## REQUIRED WORK
Return the run of lines below that opens with the line containing "Очки защитные открытые" and closes with the line containing "new 2026 Jeep Compass car, priced at $28,450", keeping each one exact.

═════ DATA RECORDS ═════

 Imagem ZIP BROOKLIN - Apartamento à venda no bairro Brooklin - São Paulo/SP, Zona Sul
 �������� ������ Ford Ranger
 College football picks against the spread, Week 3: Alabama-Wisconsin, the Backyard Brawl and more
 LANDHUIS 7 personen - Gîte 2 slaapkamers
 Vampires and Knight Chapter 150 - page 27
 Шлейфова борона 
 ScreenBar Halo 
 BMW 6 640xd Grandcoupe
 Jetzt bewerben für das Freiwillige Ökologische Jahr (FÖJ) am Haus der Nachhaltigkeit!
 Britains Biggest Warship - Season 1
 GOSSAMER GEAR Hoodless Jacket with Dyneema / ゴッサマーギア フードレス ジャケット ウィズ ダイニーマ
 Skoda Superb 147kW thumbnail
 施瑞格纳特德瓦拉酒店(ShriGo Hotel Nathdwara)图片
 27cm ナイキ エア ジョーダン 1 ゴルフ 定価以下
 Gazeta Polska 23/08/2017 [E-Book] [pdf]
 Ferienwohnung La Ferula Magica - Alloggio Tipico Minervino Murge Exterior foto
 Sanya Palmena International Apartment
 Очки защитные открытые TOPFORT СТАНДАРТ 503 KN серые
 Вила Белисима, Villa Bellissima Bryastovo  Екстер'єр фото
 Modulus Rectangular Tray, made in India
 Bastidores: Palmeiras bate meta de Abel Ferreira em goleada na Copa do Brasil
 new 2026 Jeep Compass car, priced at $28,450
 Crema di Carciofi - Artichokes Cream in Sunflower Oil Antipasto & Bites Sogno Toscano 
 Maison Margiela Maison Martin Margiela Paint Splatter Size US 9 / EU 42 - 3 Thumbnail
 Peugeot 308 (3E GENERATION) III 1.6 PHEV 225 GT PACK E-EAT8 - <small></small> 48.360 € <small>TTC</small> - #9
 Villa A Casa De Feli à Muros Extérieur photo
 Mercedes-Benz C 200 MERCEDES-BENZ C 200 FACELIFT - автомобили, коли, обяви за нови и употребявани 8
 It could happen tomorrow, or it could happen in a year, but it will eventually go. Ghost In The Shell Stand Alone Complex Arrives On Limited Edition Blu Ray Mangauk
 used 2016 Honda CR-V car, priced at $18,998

═════

## RESULT FOR THIS TASK
 Очки защитные открытые TOPFORT СТАНДАРТ 503 KN серые
 Вила Белисима, Villa Bellissima Bryastovo  Екстер'єр фото
 Modulus Rectangular Tray, made in India
 Bastidores: Palmeiras bate meta de Abel Ferreira em goleada na Copa do Brasil
 new 2026 Jeep Compass car, priced at $28,450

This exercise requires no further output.